When there is a stock-market boom, and everyone is scrambling for common stocks, take all your common stocks and sell them. Take the proceeds and buy conservative bonds. No doubt the stocks you sold will go higher. Pay no attention to this-- just wait for the depression which will come sooner or later. When this depression-- or panic-- becomes a national catastrophe, sell out of the bonds (perhaps at a loss) and buy back the stocks. No doubt the stocks will go still lower. Again pay no attention. Wait for the next boom. Continue to repeat this operation as long as you live, and you'll have the pleasure of dying rich.
Fred
Schwed Jr, Where Are The Customers' Yachts ?, 1940
Mr
Schweb interesting observation in the second half of the paragraph in which he notes that when you sell out of bonds to buy equity, you maybe selling at a loss. Graham notes the same thing in both the Intelligent Investor and the Security Analysis. The point here is that good corporate bonds will not save you when the market turns down in times of maxmum fear.

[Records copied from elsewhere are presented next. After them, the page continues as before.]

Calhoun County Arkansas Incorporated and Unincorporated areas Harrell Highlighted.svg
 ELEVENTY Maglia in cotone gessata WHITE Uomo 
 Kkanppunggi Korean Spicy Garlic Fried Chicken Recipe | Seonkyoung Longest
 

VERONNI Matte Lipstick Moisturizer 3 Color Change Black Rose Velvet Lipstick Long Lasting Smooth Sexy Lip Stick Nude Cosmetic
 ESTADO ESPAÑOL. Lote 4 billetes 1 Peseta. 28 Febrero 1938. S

Mr Schweb is also assuming that the loss will be smaller compared to the loss on equity. This is probably true provided you have chosen the bonds well.
A better alternative that might
actually go up when national calamity strikes is government treasuries. It is interesting to note that Buffet did exactly that with his own personal portfolio. This came to light when he penned an article in the New York times in 2008. In the article advising readers to buy
America, he also mentions that his entire portfolio was in US treasuries.